Information Security

by Andy Taylor

Legal aspects

The Data Protection Act is one of many pieces of UK legislation which is principally about information security. If an organisation chooses to become compliant with the international information security standard ISO27001, then the standard will largely cover dealing with the relevant legislation as well. If not, then special efforts may be needed to comply with the legislative requirements.

Other areas of legislation will include those dealing with intellectual property, radio transmissions (for the transmission of information), personal and commercial privacy, structured information protection (such as databases or archives), the use of cryptography and so on.

Each country has its own legislation and it is vital that a suitably qualified and experienced practitioner in the relevant law of the land is consulted in areas where there might be some unusual legal issue to address.

In general, though, common sense and a realistic basic knowledge of the law as applicable in the relevant country will be held by most business managers.
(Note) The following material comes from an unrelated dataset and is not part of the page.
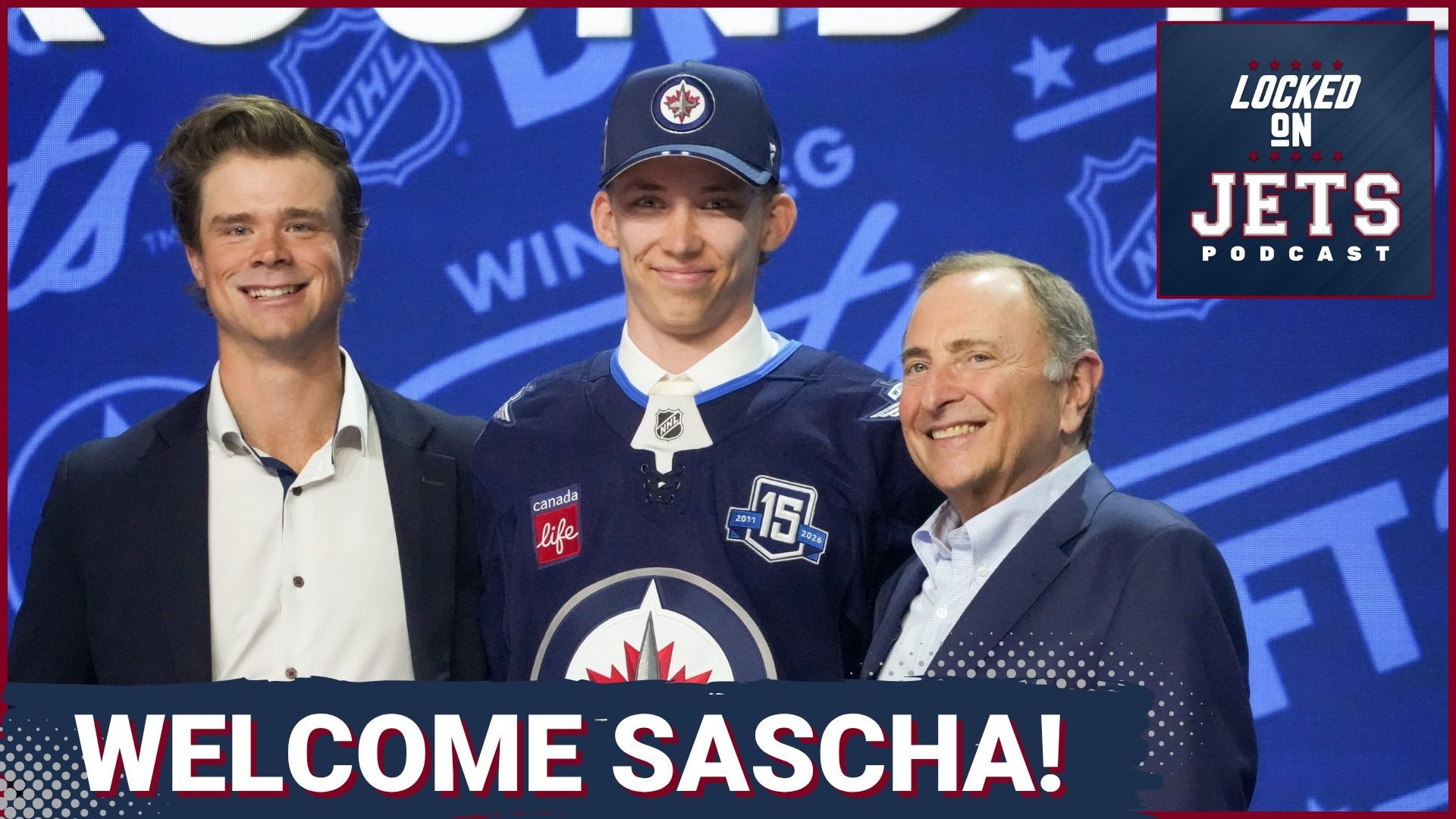 The Winnipeg Jets had a number of intriguing scenarios to choose from in this year's draft. Would they exchange the first round pick for a player, or make the pick?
This should normally be enough for most of their information security work. In the UK, the Information Commissioner, who is responsible for the Data Protection Act and related legislation, provides a wealth of information to help improve the general understanding of what the various acts require.

Are there any other legal issues I need to worry about?
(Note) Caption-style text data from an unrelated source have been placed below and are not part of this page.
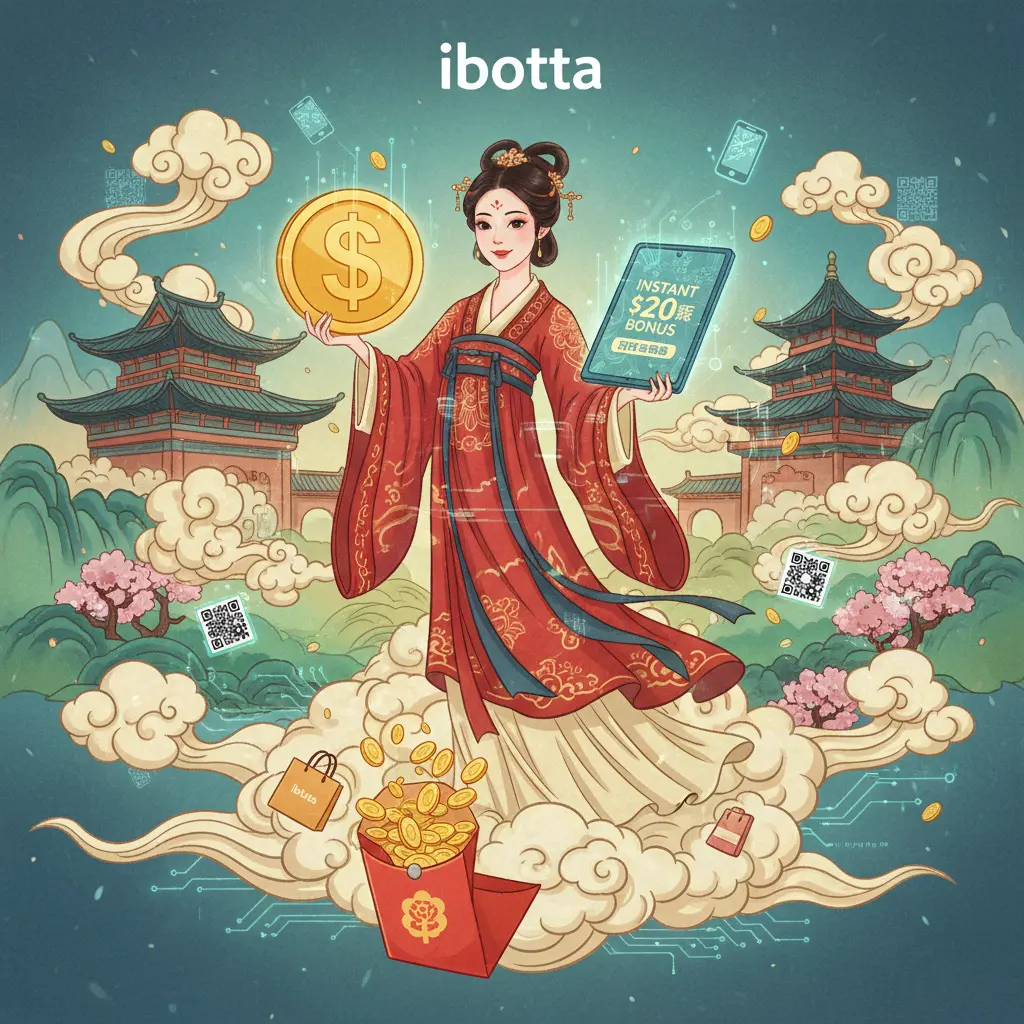 instant $20 sign up bonus - Ibotta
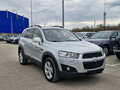 2012 Chevrolet Captiva I Рестайлинг, серебристый - вид 2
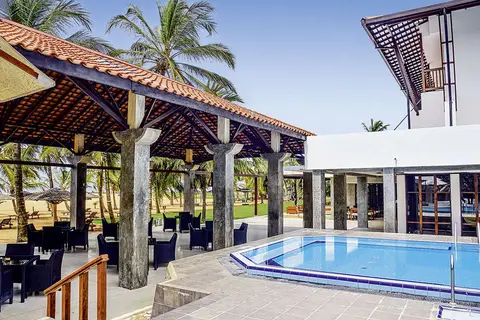 Goldi Sands Hotel in Negombo — foto 9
Perhaps the area most often neglected in terms of the relevant legislation is that of employment legislation. Unless the appropriate clauses are put into employment contracts, it is highly likely that it may be impossible to take legal or disciplinary action against individuals who do the wrong thing (deliberately or otherwise). See the topic on Employment Contracts.

In this respect, it is critical that appropriate statements are included in the contracts of third party suppliers. Very often, for example, a computer is sent off site for repair and it is merely assumed that the engineer will respect the privacy of the information stored on it.
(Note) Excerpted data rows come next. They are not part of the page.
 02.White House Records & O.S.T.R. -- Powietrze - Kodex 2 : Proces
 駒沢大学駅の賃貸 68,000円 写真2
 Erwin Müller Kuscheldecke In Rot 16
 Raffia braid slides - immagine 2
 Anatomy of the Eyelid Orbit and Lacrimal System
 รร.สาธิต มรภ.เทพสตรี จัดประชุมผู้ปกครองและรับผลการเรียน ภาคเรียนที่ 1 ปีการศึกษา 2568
It is common nowadays to invite specialists to come in to test the integrity of computer system – to try and hack into it to make sure it is safe, an activity commonly known as penetration testing or ‘pen testing’. Without an appropriate and specialised contract, they may well be breaking the law in the pursuance of their work and the information to which they might gain access could be at risk. Naturally, any reputable company offering such services will have thought this through and will provide an acceptable contract. Nevertheless, it is the employing organisation that is principally at risk and needs to protect its interests. The manager in charge of such a piece of work should be well aware of the potential issues and how they are to be addressed.